Why RTR Matters
It’s not an equal playing field until your players get on it.
In the 21st century, America’s urban school districts face unique challenges, from the legacies of the desegregation struggle, to the problems of poverty, to the growing diversity of student populations representing many cultures, languages and needs.
In Richmond, Virginia, Richmond Public Schools (RPS) serve nearly 25,000 students in 29 elementary, 9 middle and 8 high schools. The ethnic and racial background of district students is 83% African descent, 7% Latina/o, 1% Asian, and 9% white. Three quarters of all students are eligible for free and reduced lunch. Thirty-five percent of the students in RPS live in households that are 100% below the federal poverty level, more than half of parents in Richmond are single parents, and the median income of families in RPS is less than 60% of the average in the greater Richmond area.
Do More With Less
Adding to the complexity of responding to the considerable need in urban education is often the double bind created when funding is not adequate to meet significant challenges. In Richmond, a city of 205,533, the public school budget was slashed by $30 million in 2012. Although budget cuts have been a common plight for many districts post-2008, urban systems were often already at a funding disadvantage in comparison to more affluent school districts.
Urban Students Short-changed
Plagued by high teacher attrition rates, urban schools are often scrambling to fill classrooms. As a result, students in urban school districts are frequently short-changed by classrooms staffed with poorly prepared teachers, teachers teaching out of their field, teachers with no experience, and teachers who are not licensed to teach. Studies consistently demonstrate that ineffective teachers have a significant and negative impact on students’ academic gains that is difficult to reverse.
Urban Students Deserve Better
“I was hired to teach math in inner city Miami, even though I was not qualified to teach the subject. This would never have happened in a suburban school district. While I knew how to do fifth grade math, I didn’t understand the discipline of mathematics well enough to diagnosis problems that my students were having. If they didn’t understand how to do the math problem the first way I explained it, my only “alternative” strategies were to speak louder or more slowly. I had the heart for teaching urban students, but not the content expertise. Urban students deserve better.”
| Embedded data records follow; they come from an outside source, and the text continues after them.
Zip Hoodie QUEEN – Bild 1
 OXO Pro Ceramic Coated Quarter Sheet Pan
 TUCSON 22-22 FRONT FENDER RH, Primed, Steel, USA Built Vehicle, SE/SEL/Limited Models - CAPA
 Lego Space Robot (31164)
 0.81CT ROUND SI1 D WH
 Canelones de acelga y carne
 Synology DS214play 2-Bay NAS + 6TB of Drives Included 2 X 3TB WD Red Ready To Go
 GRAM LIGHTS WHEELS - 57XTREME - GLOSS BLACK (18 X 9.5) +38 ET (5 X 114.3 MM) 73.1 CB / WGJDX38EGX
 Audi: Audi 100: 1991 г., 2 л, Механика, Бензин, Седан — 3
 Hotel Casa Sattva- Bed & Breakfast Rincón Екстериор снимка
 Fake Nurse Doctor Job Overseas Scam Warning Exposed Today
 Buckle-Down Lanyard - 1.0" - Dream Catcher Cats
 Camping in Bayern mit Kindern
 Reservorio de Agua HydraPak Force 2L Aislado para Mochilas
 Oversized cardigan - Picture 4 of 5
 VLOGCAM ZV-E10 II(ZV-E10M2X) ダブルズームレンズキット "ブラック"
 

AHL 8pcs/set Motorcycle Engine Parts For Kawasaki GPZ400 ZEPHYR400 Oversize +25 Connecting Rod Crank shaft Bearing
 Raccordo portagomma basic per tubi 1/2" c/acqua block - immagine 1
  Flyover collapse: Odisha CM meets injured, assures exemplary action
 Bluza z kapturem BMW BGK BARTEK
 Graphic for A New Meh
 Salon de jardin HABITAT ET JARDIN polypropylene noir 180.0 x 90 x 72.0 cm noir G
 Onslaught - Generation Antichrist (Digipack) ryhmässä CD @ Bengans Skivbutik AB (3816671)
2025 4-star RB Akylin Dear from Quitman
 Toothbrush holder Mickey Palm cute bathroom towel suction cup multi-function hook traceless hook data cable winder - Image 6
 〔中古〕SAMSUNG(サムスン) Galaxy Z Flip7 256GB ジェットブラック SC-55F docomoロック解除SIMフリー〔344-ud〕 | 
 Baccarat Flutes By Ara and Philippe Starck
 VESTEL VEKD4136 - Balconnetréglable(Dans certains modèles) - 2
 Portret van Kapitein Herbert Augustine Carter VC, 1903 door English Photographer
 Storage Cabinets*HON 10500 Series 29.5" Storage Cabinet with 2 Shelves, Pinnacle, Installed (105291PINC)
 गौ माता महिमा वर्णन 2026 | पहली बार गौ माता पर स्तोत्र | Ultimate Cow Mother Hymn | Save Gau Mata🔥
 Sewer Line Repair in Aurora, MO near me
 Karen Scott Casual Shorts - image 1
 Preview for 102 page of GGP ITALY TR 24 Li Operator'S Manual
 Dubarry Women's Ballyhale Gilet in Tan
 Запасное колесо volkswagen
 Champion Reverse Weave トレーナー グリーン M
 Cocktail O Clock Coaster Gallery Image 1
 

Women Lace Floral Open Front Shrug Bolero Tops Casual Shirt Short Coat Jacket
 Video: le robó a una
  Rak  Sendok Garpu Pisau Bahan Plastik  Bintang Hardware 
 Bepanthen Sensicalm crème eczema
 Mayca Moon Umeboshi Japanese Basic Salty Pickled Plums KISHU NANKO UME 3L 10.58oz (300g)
Dr. Therese A. Dozier, Director, Richmond Teacher Residency
Richmond students deserve the same chance as everybody else
We know that the quality of the teacher is the single most important in-school factor determining how well a student performs. Our program is specifically designed to bring to RPS persons of all ages who have extensive content knowledge, along with the heart and the vision to create a more equitable outcome for all students. Through a nationally ranked graduate-level teacher education program and an intensive, medical-school-style residency, RTR integrates theory and practice so that our residents are equal to the task ahead. Our aim is to prepare outstanding teachers – because our students deserve the very best.
Why it matters
Any attempt to end educational inequities will not succeed unless there is a change in how we prepare and retain exceptional talent to meet the unique challenges of urban education. Our goal is to build a pipeline to bring highly effective teachers to the classroom who not only are committed to getting their students onto the playing field, but who also have the knowledge and skills to coach their students to hit the ball out of the park. We are a movement to teach for change so that all students and our community can be lifted up from inside our classrooms.
Urban schools. They demand the best. They challenge the best. They require the best. This is why we Teach for Change.